This spring, the Canadian Competition Bureau released for public comment a revised version of its Merger Enforcement Guidelines (MEGs), the document that explains how the Bureau analyzes proposed mergers. The Bureau is in the process of reviewing comments provided by various stakeholders and plans to finalize the revised MEGs this summer.
Generally, the draft MEGs:
- reflect developments in the law, primarily decisions of the Competition Tribunal, that have occurred since the publication of the current MEGs in 1991; and
- in many areas, follow the approach set out in the 1992 US Merger Guidelines, which reflects the trend towards convergence and consistency in merger review, which is particularly important in cross-border transactions.

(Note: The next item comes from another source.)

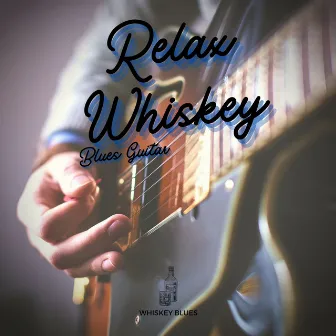 Relax Whiskey Blues Guitar by The Blues Singers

More specifically, among other things, the draft revised MEGs:
- include a substantially revised section on efficiencies that is consistent with the Federal Court of Appeal's decision in the Superior Propane case. Essentially, the anti-competitive effects of a merger will be balanced against the efficiencies resulting from the merger. (It should be noted that the new section on efficiencies could be outdated shortly after the draft revised MEGs are finalized. Bill C-249, which in the opinion of many experts would effectively remove the efficiencies defence from Canada's Competition Act, has been passed by the House of Commons and is under review by the Senate Committee on Trade, Banking and Commerce.);
- set out in detail how a merger may lessen or prevent competition by making it easier for market participants to engage in coordinated behaviour. This addition is particularly helpful because, due to the relatively concentrated nature of the Canadian economy, many mergers exceed the current MEGs' safe harbour threshold (which is not changing) relating to coordinated behaviour, that is, the market share of the four largest participants in the relevant market exceeds 65% and the market share of the merged entity exceeds 10%;
- state that market definition will be based on substitutability and focus on demand responses to price changes;
- include a new section on countervailing buyer power which explains how one or more buyers may be able to constrain the exercise of market power; and
- provide additional guidance as to what constitutes a merger. For example, the concept of control is expanded to include de facto control.